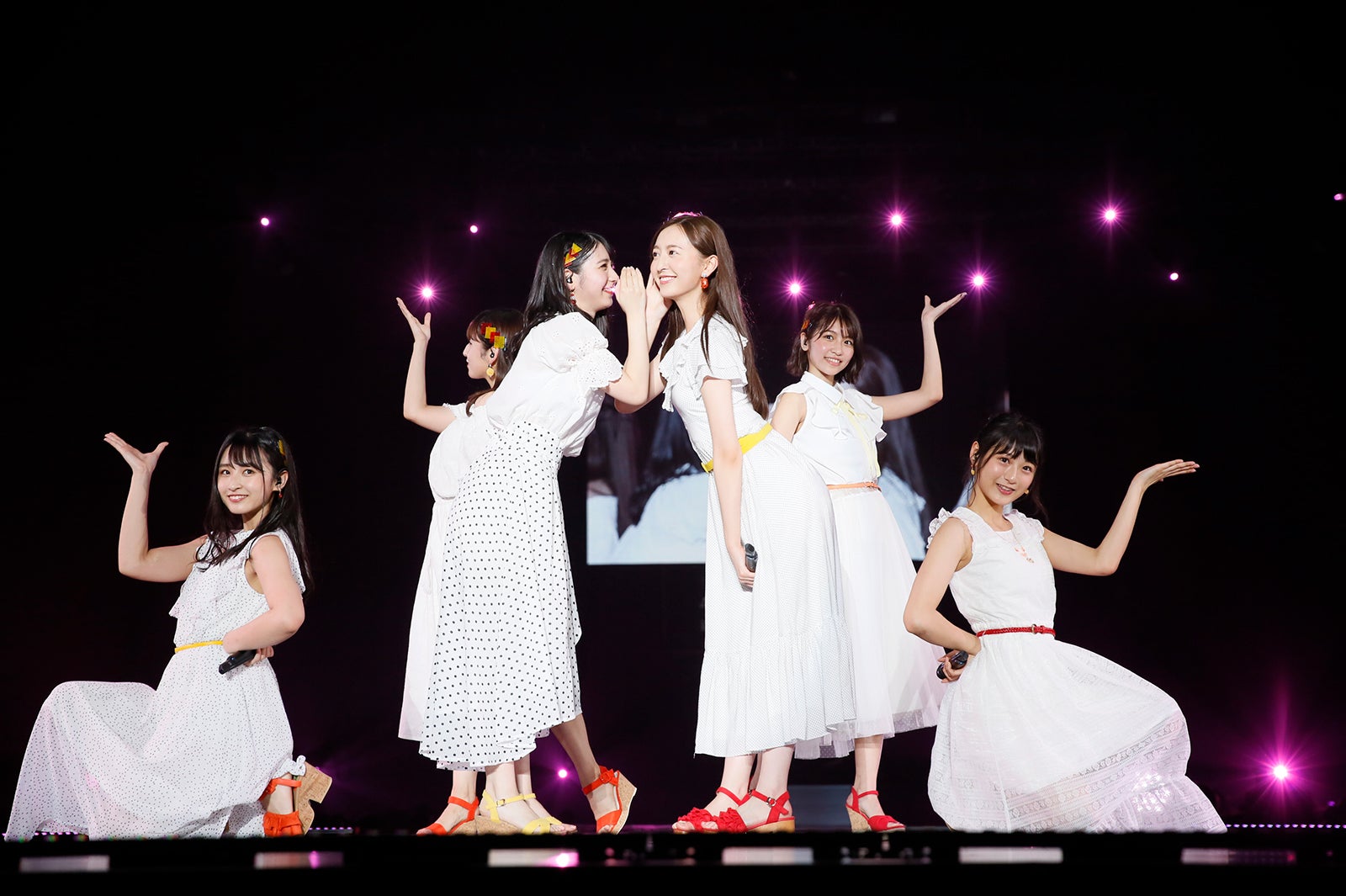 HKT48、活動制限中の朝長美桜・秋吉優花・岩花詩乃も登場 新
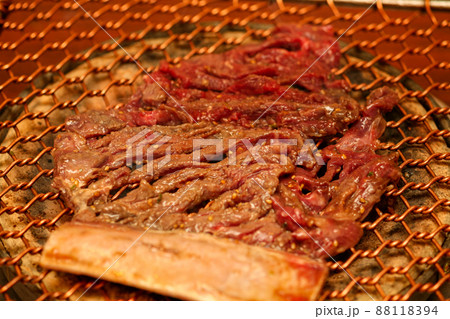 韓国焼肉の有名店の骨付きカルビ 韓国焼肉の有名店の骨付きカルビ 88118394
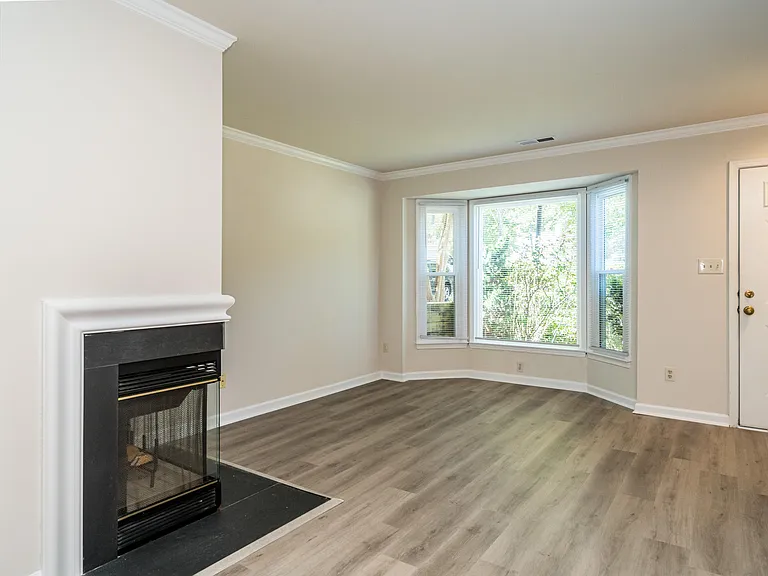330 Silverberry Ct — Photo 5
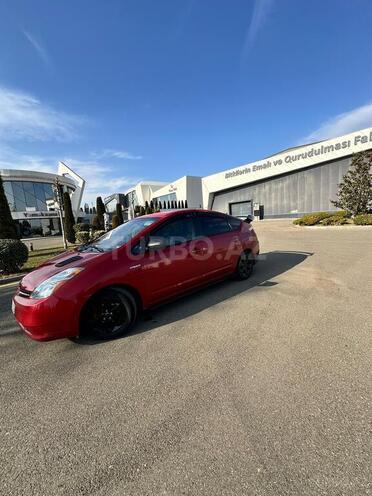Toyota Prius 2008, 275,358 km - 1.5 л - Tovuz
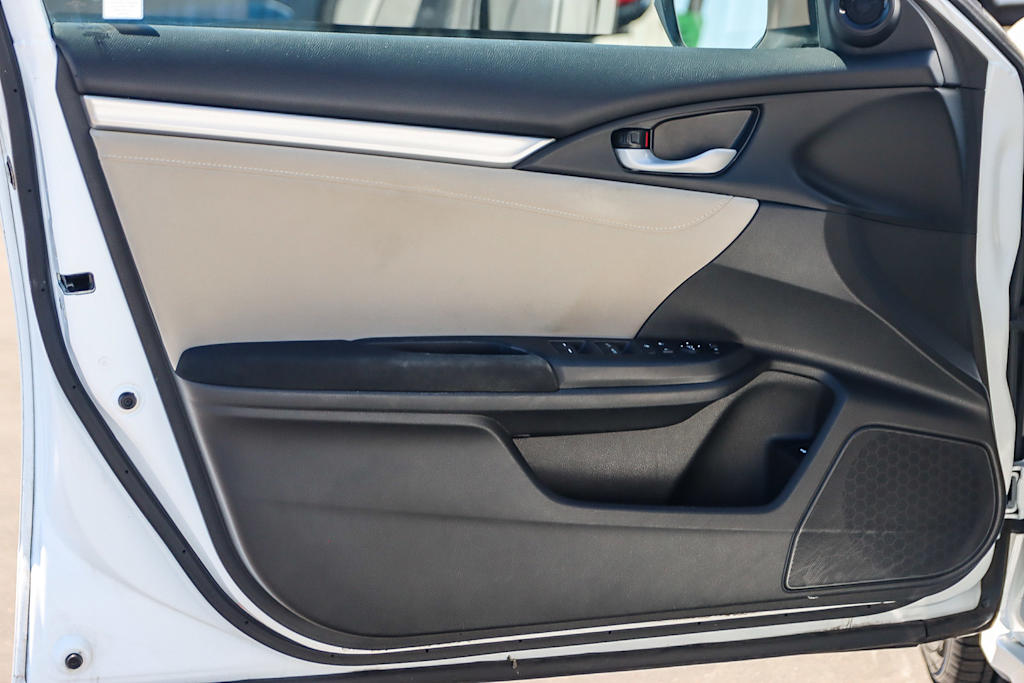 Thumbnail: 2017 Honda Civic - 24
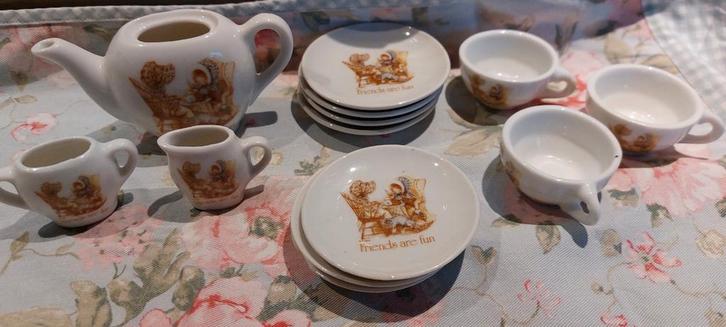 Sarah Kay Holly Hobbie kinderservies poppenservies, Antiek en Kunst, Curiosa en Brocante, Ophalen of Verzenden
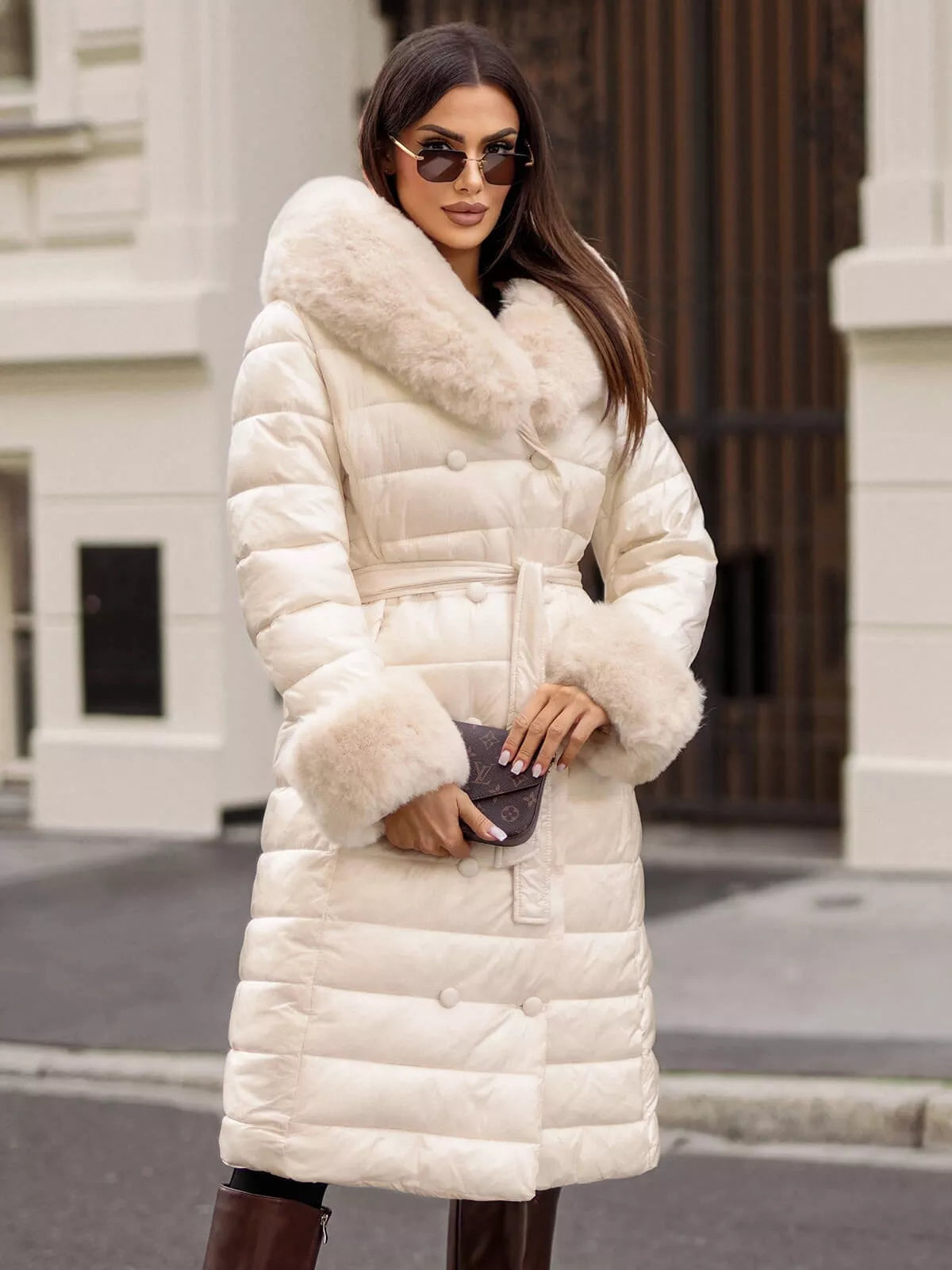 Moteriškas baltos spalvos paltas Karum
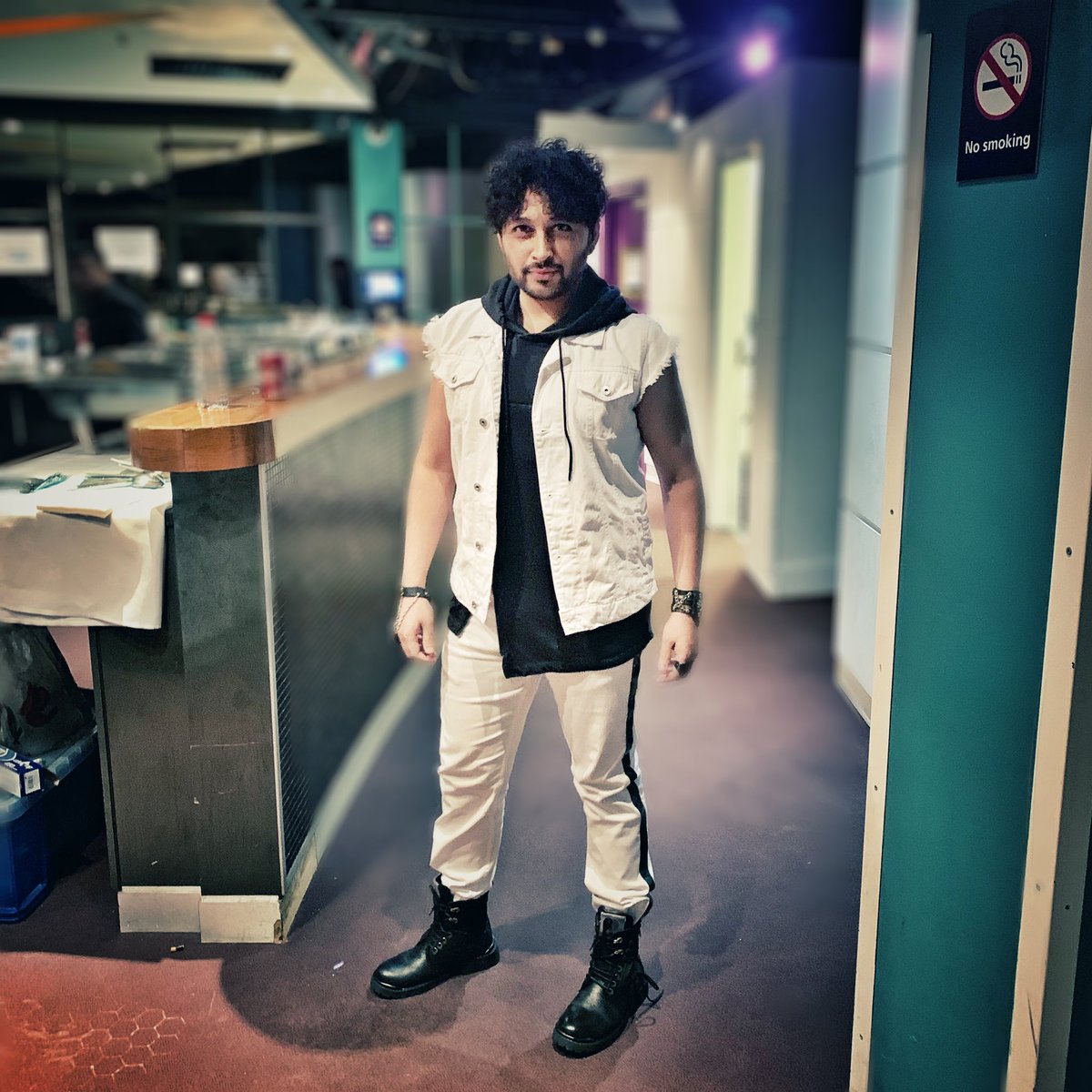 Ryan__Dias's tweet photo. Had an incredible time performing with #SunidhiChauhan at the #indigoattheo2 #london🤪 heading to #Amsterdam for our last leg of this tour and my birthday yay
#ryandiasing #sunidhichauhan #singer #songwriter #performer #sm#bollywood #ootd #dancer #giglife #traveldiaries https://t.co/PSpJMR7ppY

==*==

#### Your objective
If a record holds a picture, leave the picture out, but repeat every line exactly.

#### Result of this exercise
 HKT48、活動制限中の朝長美桜・秋吉優花・岩花詩乃も登場 新
 韓国焼肉の有名店の骨付きカルビ 韓国焼肉の有名店の骨付きカルビ 88118394
330 Silverberry Ct — Photo 5
Toyota Prius 2008, 275,358 km - 1.5 л - Tovuz
 Thumbnail: 2017 Honda Civic - 24
 Sarah Kay Holly Hobbie kinderservies poppenservies, Antiek en Kunst, Curiosa en Brocante, Ophalen of Verzenden
 Moteriškas baltos spalvos paltas Karum
 Ryan__Dias's tweet photo. Had an incredible time performing with #SunidhiChauhan at the #indigoattheo2 #london🤪 heading to #Amsterdam for our last leg of this tour and my birthday yay
#ryandiasing #sunidhichauhan #singer #songwriter #performer #sm#bollywood #ootd #dancer #giglife #traveldiaries https://t.co/PSpJMR7ppY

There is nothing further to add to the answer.